# Glock?



## Jobob33 (Jun 29, 2012)

Bought a glock19 and sight picture center mass the glock shoots way low. Any ideas woul be appreciated


----------



## DJ Niner (Oct 3, 2006)

If the gun is brand-new-out-of-the-box, and/or you are relatively new to Glocks, then I'd say it's your shooting fundamentals, not the gun. If the gun is used, and has had the sight replaced, then it might be the sights, but for most new Glockers, it's a trigger-control thing.
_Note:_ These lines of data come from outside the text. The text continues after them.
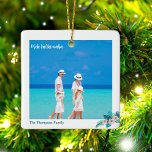 Ornement En Céramique Mele Kalikimaka Beach 2 Photo Noël tropical<br><div class="desc">Un ornement de Noël de plage tout simplement magnifique avec une photo de famille de vos vacances sur l'île tenue au coin par une jolie fleur tropicale Hibiscus dans un joli rose pêche avec des feuilles de palmiers bleus vert. Une autre photographie complète décore l'arrière de cette fête hawaïenne à...</div>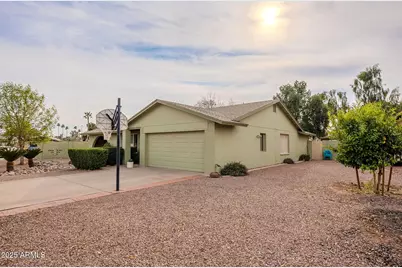 2711 W Evans, Phoenix, AZ 85053 - Photo 1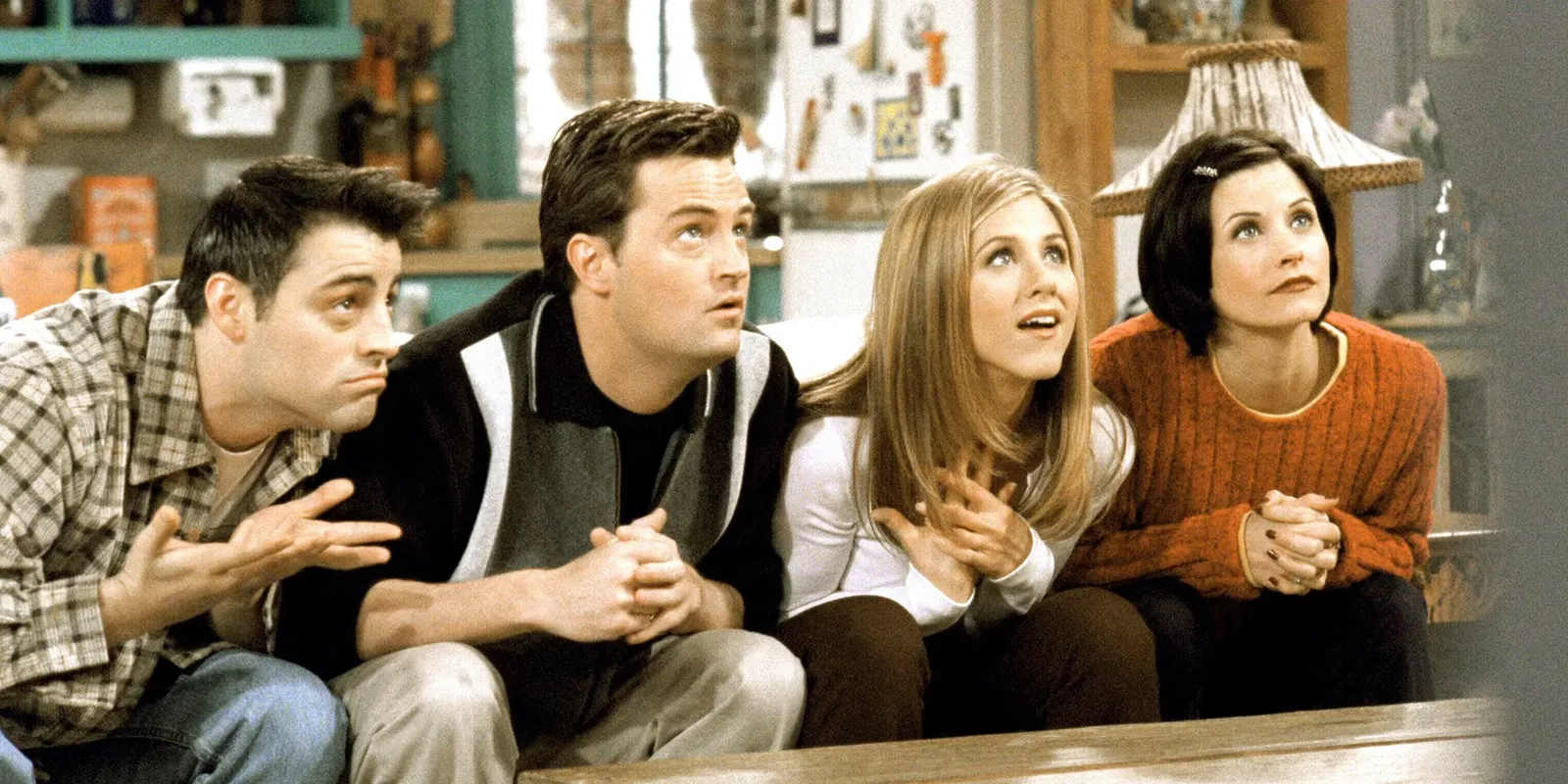 Bruce Willis worked for free on Friends because a bet vs Matthew Perry forced it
New Glock shooters often shoot low, or low-left/low-right, because of bad habits they have picked up when shooting other handguns. As you squeeze the Glock's trigger, you will feel steady resistance, and then a slight increase in resistance. Most folks think this is the "end" of the trigger pull, and the gun is about to fire, so they think they can snap/jerk or just "rush" the trigger through last little bit of travel. Unfortunately, when you feel that little extra resistance, there is still more than a little trigger travel left, and if you snap or jerk the trigger, the gun can move a long way off the center of the target before the trigger finally releases the striker, fires the round, and the bullet gets out of the barrel. Please don't take this personally; I don't know you or your shooting style, and I'm not saying I do. All I am saying that this is a VERY common problem with new Glock shooters, and I'm assuming you are having a similar struggle. Thankfully, it's a fairly easy challenge to overcome.
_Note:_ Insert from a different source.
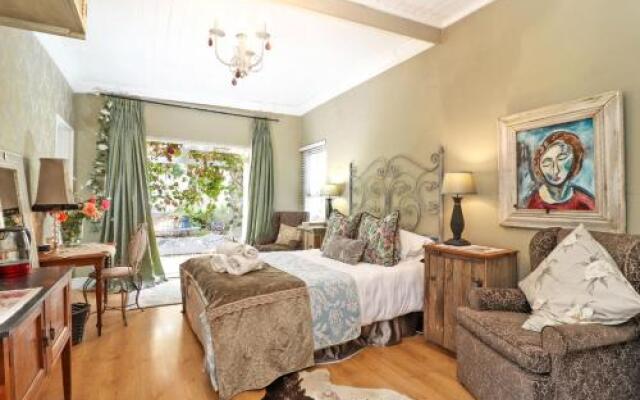 Three Oaks Bed  Breakfast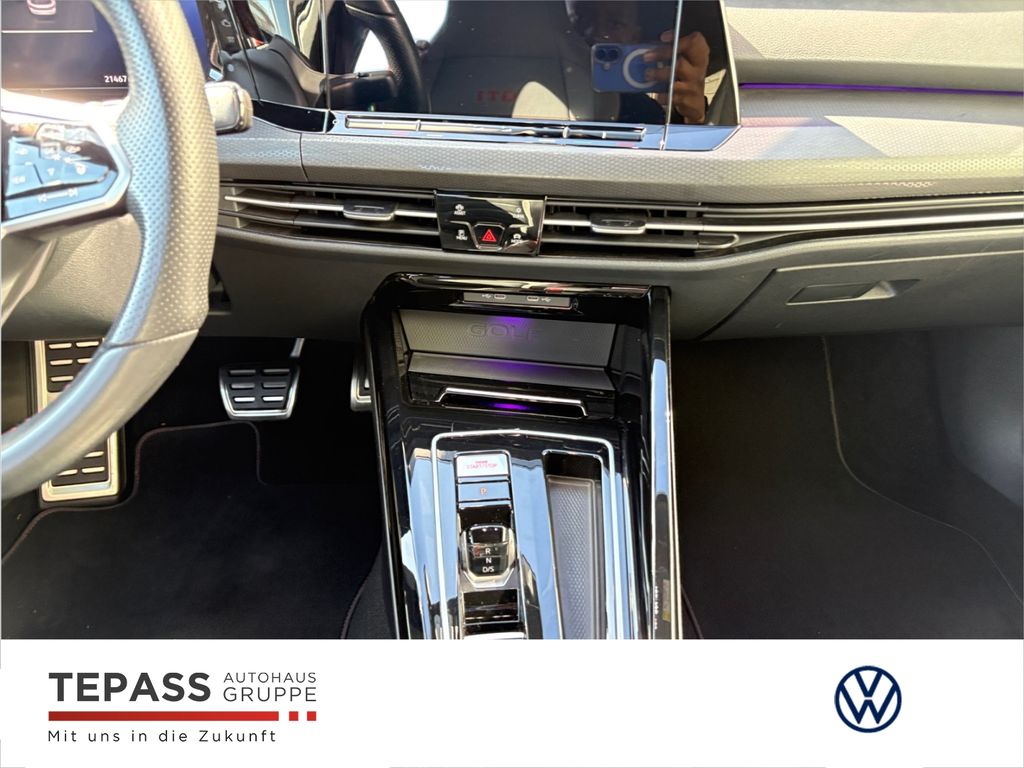 Volkswagen Golf 2023 г. Серый, пробег 22466 км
Concentrate on a slow squeeze all the way through the pull until the gun fires. Don't think "fire"; think "add more pressure, more pressure, more pressure, etc." until you hear a loud noise and the gun bounces in recoil. Then look at your target, and there will probably be a hole very near the center. That's the basics; squeeze, get a good hit. Pull/snap/jerk/slap the trigger, get something OTHER than a good hit.

Trigger control is super important in handgun shooting, as the smallest last-minute snap/jerk can move these very light guns quite a bit before the bullet gets out of the barrel. If your shots are scattered on target, with some up near the middle and others trailing down and to one side, that is a classic trigger-control problem shot pattern. Once you get used to squeezing the trigger gently, without moving the gun at the moment of firing, the shot groupings will become more and more consistent; the groups will look more rounded, with the shot holes clustered tightly together. That's a sign of good trigger control.

Another potential problem is squeezing the trigger to one side or another instead of straight back. Make sure you are pressing straight to the rear, not hooking or pushing the trigger off to one side as you squeeze.

Watch the sights all the way through the squeeze, and make small corrections as you squeeze to keep the sights as near to the center as possible. Yes, I know they are moving; they move for all of us. It's the shooter that can ignore the minor movements (resisting the urge to "slap/snap/jerk" the trigger as the sights slide across center) and squeeze through the entire pull, nice and steady, that gets the nice round groups near the center of the target.

Good luck, and let me know how it works out for you!


----------



## Bisley (Aug 24, 2008)

Excellent mini-tutorial.


----------



## Glock Doctor (Mar 14, 2011)

This is a common problem with newbies and compact frame Glock pistols. The trigger is going to take some getting used to. I suspect you're pulling down hard on the trigger just as the shot, 'breaks'. I, also, suspect that you're not controlling the pistol's backstrap as well as you should. (If you concentrate on pressing the lower part of the backstrap, straight back, into the heel of your hand then it'll be a lot tougher to, 'drop' shots.) 

Remember to smoothly, 'press' the trigger straight back and not, 'pull' or, 'squeeze' it instead. Regular practice with A-Zoom snap caps will, also, help.


----------



## Ram Rod (Jan 16, 2008)

At what distance are you shooting at?


----------



## Blackhawkman (Apr 9, 2014)

Learn the Glock trigger and how to hold the pistol. 
Too much finger will pull shots low Left. The first joint of the trigger finger will give a consistent trigger pull. There is a post on this Forum about Glock triggers. 

Sent from my iPhone using Tapatalk


----------



## SteamboatWillie (Jan 24, 2013)

You might also try shooting it from a rest and see if you get the same results. As DJ Niner mentioned, shooting low and/or left is a common complaint for new Glock shooters.


----------



## VAMarine (Dec 25, 2008)

This thread is 3 yrs old guys.

Sent from my SM-G920R4 using Tapatalk


----------



## SteamboatWillie (Jan 24, 2013)

Oh man! My sage advice is wasted?


----------



## TenMileHunter (Mar 4, 2017)

Well let's carry it into 2017.
About the trigger thing, I would recommend a ZEV trigger. It really tightened up my groupings on my G23.


Sent from my iPhone using Tapatalk


----------